Fragmento. El universo también debe reír.

Fragmento. El universo también debe reír.

A veces me canso —lo confieso sin culpa— de esa insistencia humana en hablar de política, de partidos, de doctrinas que giran sobre sí mismas como viejos trompos sin niño que los impulse. Me fatiga la espuma de los discursos, los gestos huecos, las banderas que cambian de color como si eso bastara para cambiar el viento.

Prefiero hablar de los seres humanos, de sus silencios y sus temblores, del amor que nace sin dogmas, del universo que se expande en nosotros cuando cerramos los ojos. Prefiero hablar del Kybalión, de esas viejas verdades que vibran en los pliegues del tiempo, y de lo esotérico, que no es otra cosa que lo esencial disfrazado de misterio.

La modernidad también me gusta —no voy a negarlo—, con sus luces eléctricas que prolongan el día y sus máquinas que sueñan en lenguaje binario. El ser humano, entre tanto, sigue siendo el mismo: un niño curioso que intenta descifrar al infinito con las manos.

Me enferma, en cambio, hablar de los caprichos de los políticos, de esas ideologías con vista corta y alma de hormiguero. Me hastían las definiciones humanas de Dios, los templos que encierran al cielo, y el Olimpo inventado por los hombres para justificar su propio desconcierto.

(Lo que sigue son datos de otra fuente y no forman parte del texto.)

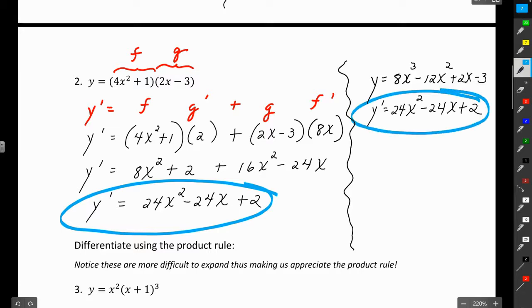Obviously, if you had to pick, you would go with the second method — using FOIL and the power rule. But for number two I used an easy example to get you used to the product rule.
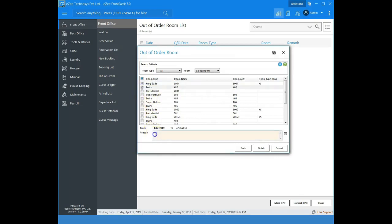This option lets the user take the room out of order or out of service and enter a reason for doing so. Put the reason here and click on finish.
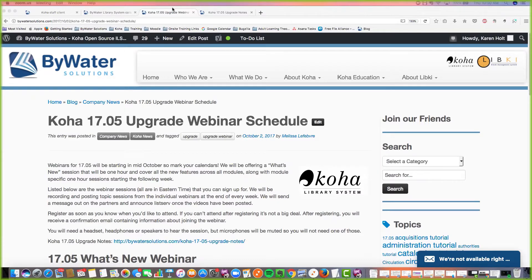Good morning everyone. It is 10 a.m. Central time, and so it's time for us to start the webinar. Welcome. I'm excited to see we have so many people joining us today for our session that's going to be on reports, tools, and administration. My name is Karen. I'm one of the educators here at Bywater Solutions.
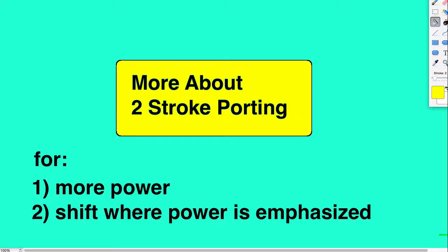More about two-stroke porting. Why do people want to change the porting of their engines? Mostly to get more power or to shift where the power is emphasized — that is, where in the RPM range it is emphasized.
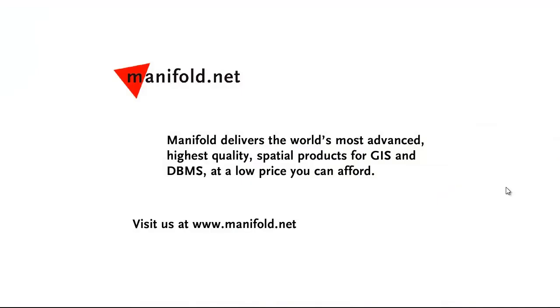Well, that was fun. If you want to see more, visit us at www.manifold.net. As always, Manifold delivers the world's most advanced, highest quality spatial products for GIS and DBMS at a low price that you can afford. Once again, that's manifold.net. See you soon.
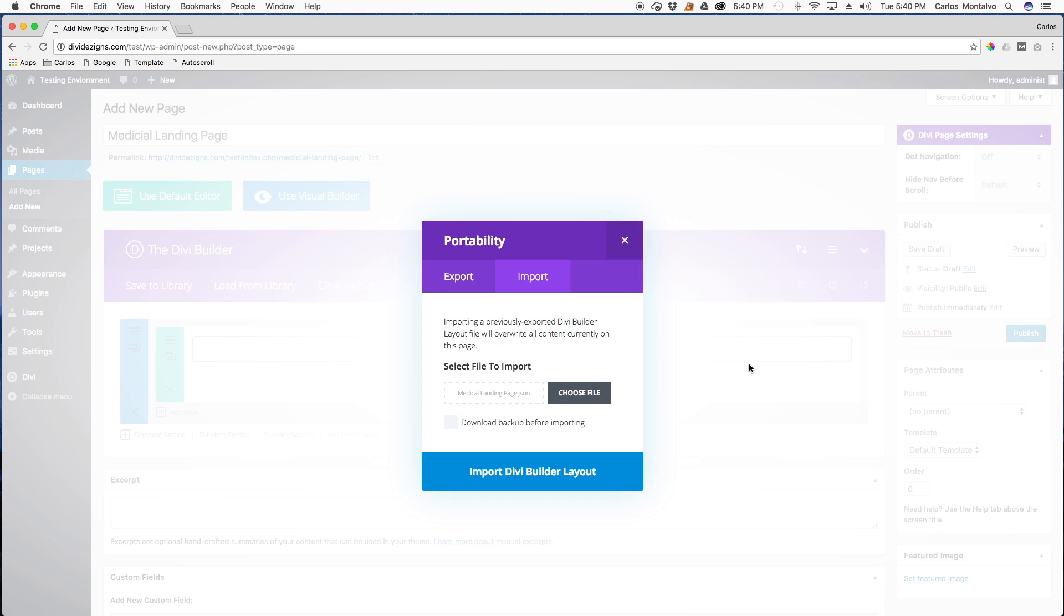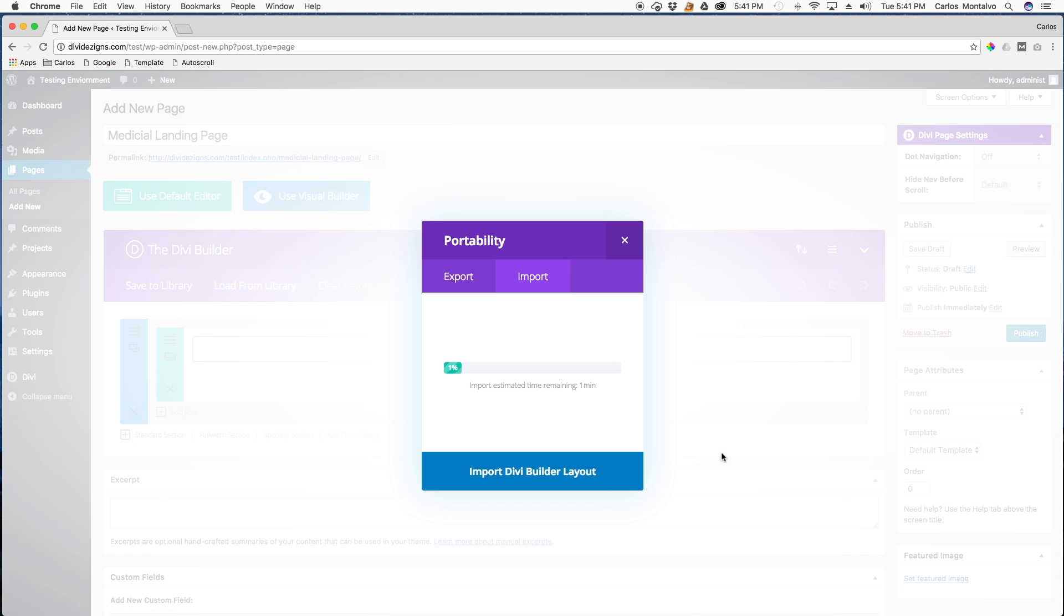Step four, click the import to Divi Builder button to upload your file. This might take a second.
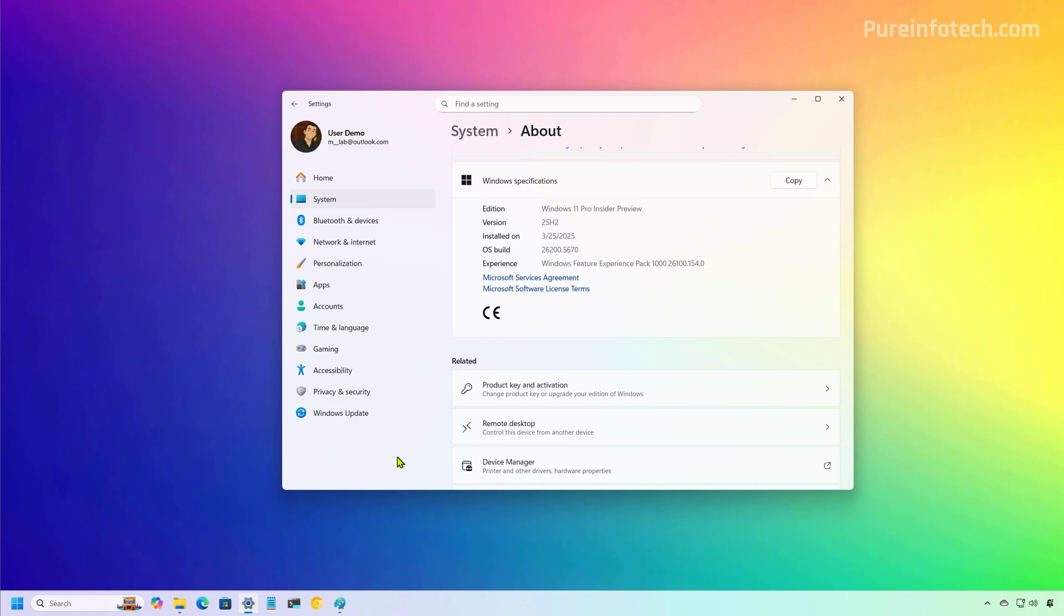However, Microsoft will disable some of these features on version 24H2 if they were designed for version 25H2. Now, Microsoft hasn't detailed all the new features just yet, but this is how it works. They will be shipped through monthly updates and activated when 25H2 officially launches. So you might already have some of these new features on your device. They're just waiting to be unlocked.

Y me disgusta, profundamente, esa costumbre de culpar a Lucifer por lo que solo nace de nosotros: el odio, la envidia, el amor malgastado. Al pobre diablo lo han hecho depositario universal de la miseria humana, y tal vez ni siquiera exista más allá del miedo que lo invoca.

Sueño, en cambio, con un tiempo distinto. Un período donde la luz de las ideas humanistas —esa llama que no necesita altar ni partido— ilumine los caminos y devuelva a los hombres la nobleza de mirarse sin etiquetas.

Quizás, entonces, el universo sonría un poco.